Es gibt einen fundamentalen Unterschied zwischen der Art und Weise, wie ich ein Natel benutzen würde, wenn ich eins hätte, und wie es ein Teenie benutzt, der es effektiv hat. Dieser Unterschied zwischen Konjunktiv und Indikativ ist exakt die Quintessenz vom berühmten Marshall McLuhanschen Schlagwort „the Medium is the Message“.
Ich würde mehr oder weniger die gleichen Anrufe tätigen wie bisher auch schon, vielleicht zu etwas anderen Zeiten. Meine Telefonrechnung dürfte sich eigentlich nicht sehr verändern und im Notfall würde ich schneller wieder aus der Lawine herausgeholt werden. Beim Teenie hingegen klingelt nun nicht nur das Natel dauernd, sondern auch alle anderen Telefone und Telegraphen in der näheren Umgebung. Die Telefonrechnung steigt exponentiell und im Notfall ist der Akku leer.
Das Natel wird nämlich, obgleich man es eigentlich kaum merkt, für etwas ganz anderes eingesetzt als das Festnetz-Telefon. Man darf sich aber vom „für etwas ganz anderes“ nicht irreführen lassen. Man spricht immer noch auf der einen Seite rein und hört es auf der anderen Seite wieder rauskommen. Was jedoch anders ist, ist das, was man da rein spricht, denn das Umfeld, in dem man es tut, ist völlig verschieden. Mit dem Natel tut man es im Bus, im Zug, nicht im Flugzeug, während man wartet, während man zu spät kommt, wenn einem eine Idee gekommen ist und wenn sie doch nicht so gut war. Demgegenüber kommt der Festnetzler im Zug gar nicht zum Sprechen, weil ihn das Abrollen des Telefonkabels komplett in Anspruch nimmt.

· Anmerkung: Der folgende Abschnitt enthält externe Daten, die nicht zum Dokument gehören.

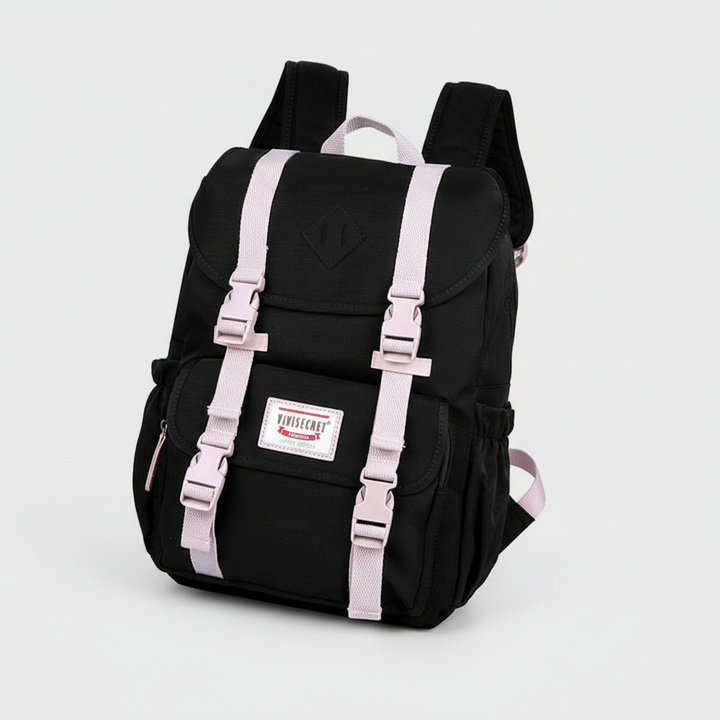 Rosa multifunktionell ryggsäck för skola/jobb. Organiserad med laptopfack. Vattentät unisex-ryggsäck för stil & resor.
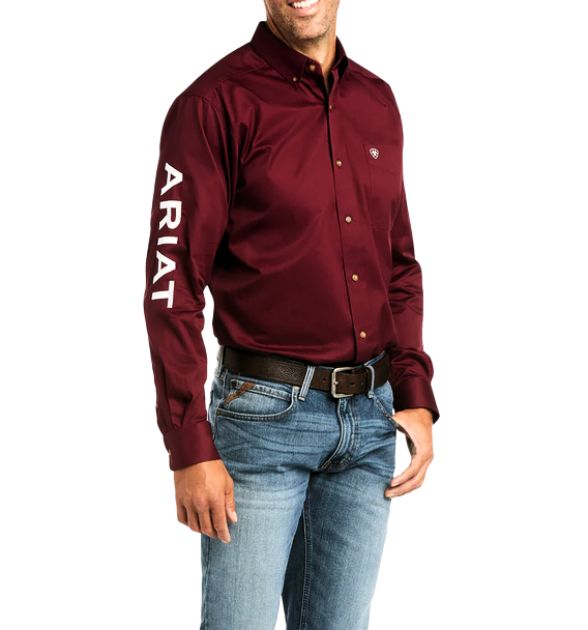 Men's Ariat Team Logo Twill Classic Fit Shirt - Burgundy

In der Evolutionstheorie gilt das Prinzip, dass verschiedene Nischen verschiedene Arten hervorbringen. Demzufolge müsste eine Art, die in der einen Umwelt telefoniert, sich allmählich mehr und mehr von einer anderen Art unterscheiden, die dies in einer anderen Umwelt tut. Damit behaupte ich nicht, dass wir in gleicher Weise der Evolution unterworfen sind, wie zum Beispiel Kaninchen, alles was ich sage, ist, dass ein anderes Medium eine andere Umwelt ist und dass diese einen Einfluss auf unser Denken und den gesellschaftlichen Diskurs hat. Was ich damit aber auch sage, ist, dass ich zwar ganz sicher weiss, dass die Teenies etwas anderes tun, ich aber nicht einmal ein Ahnung haben kann, was das ist.